> [Dataset extract]

═══

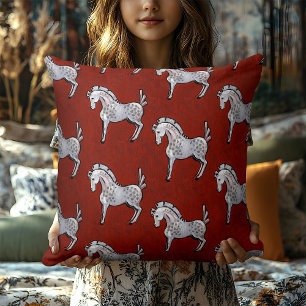 Rustic Red Folk Art Horse Cottagecore Holiday Throw Pillow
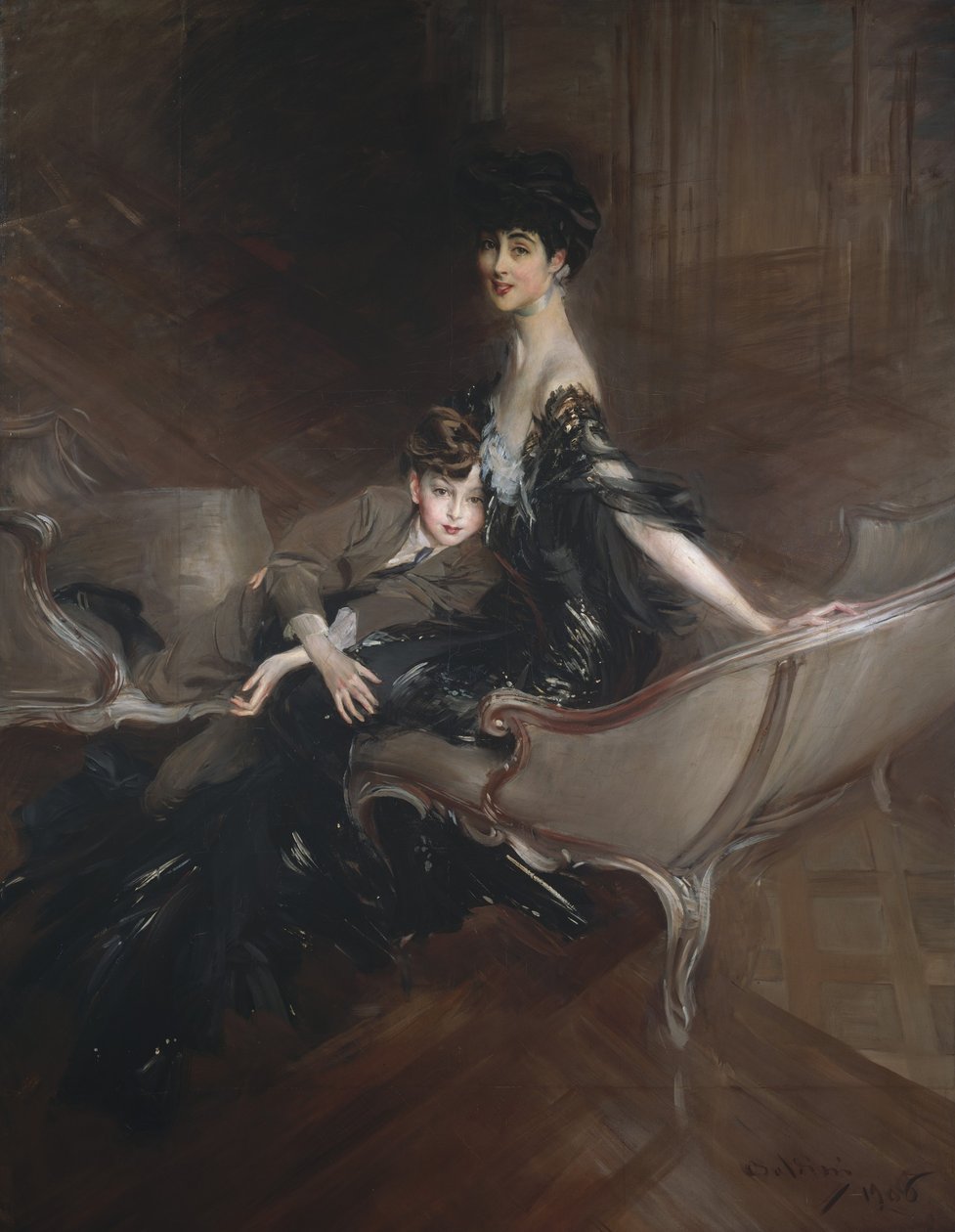 Consuelo Vanderbilt, księżna Marlborough i jej syn, Lord Ivor Spencer-Churchill, 1906 autorstwa Giovanni Boldini
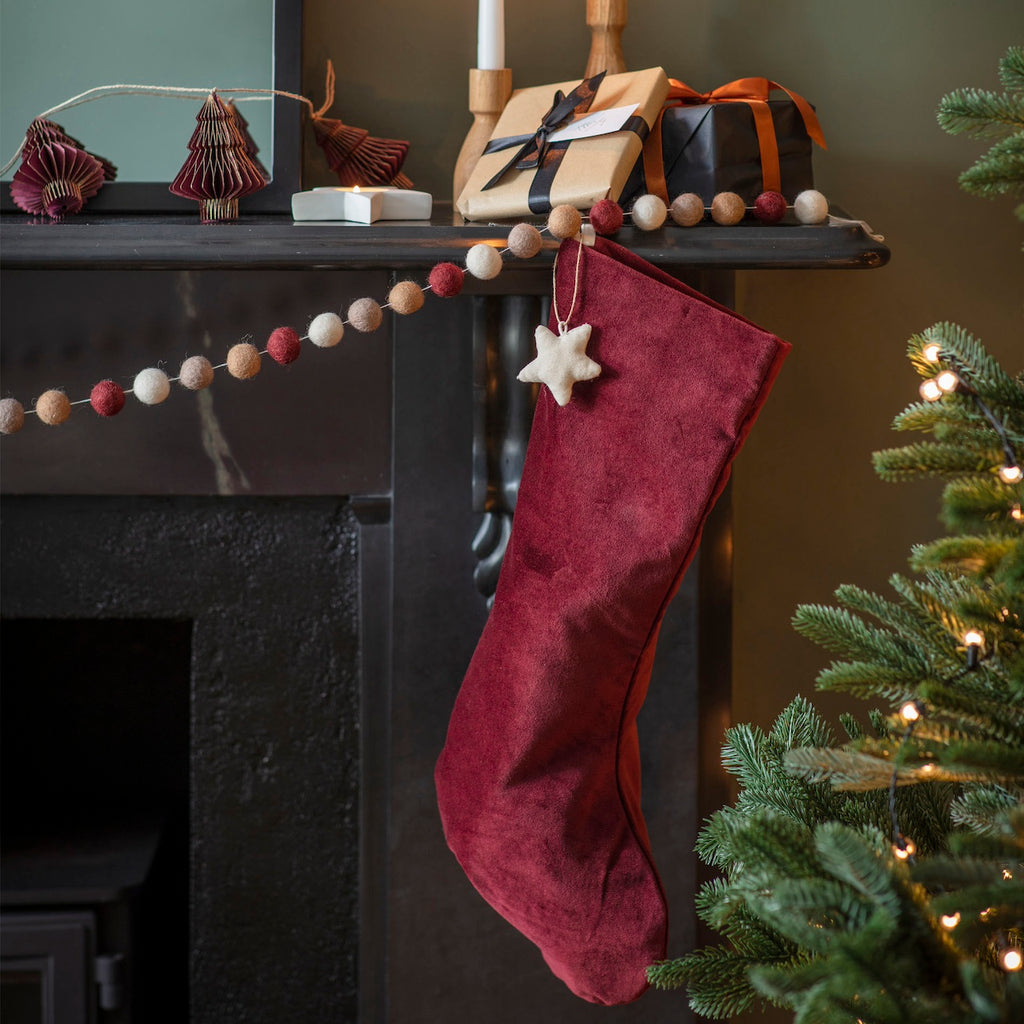 Velvet Berry Red Christmas Stocking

═══

> [Assignment] In your answer, give every line of the listing above exactly, and do not include the images.

> [Result for this task]
 Rustic Red Folk Art Horse Cottagecore Holiday Throw Pillow
 Consuelo Vanderbilt, księżna Marlborough i jej syn, Lord Ivor Spencer-Churchill, 1906 autorstwa Giovanni Boldini
 Velvet Berry Red Christmas Stocking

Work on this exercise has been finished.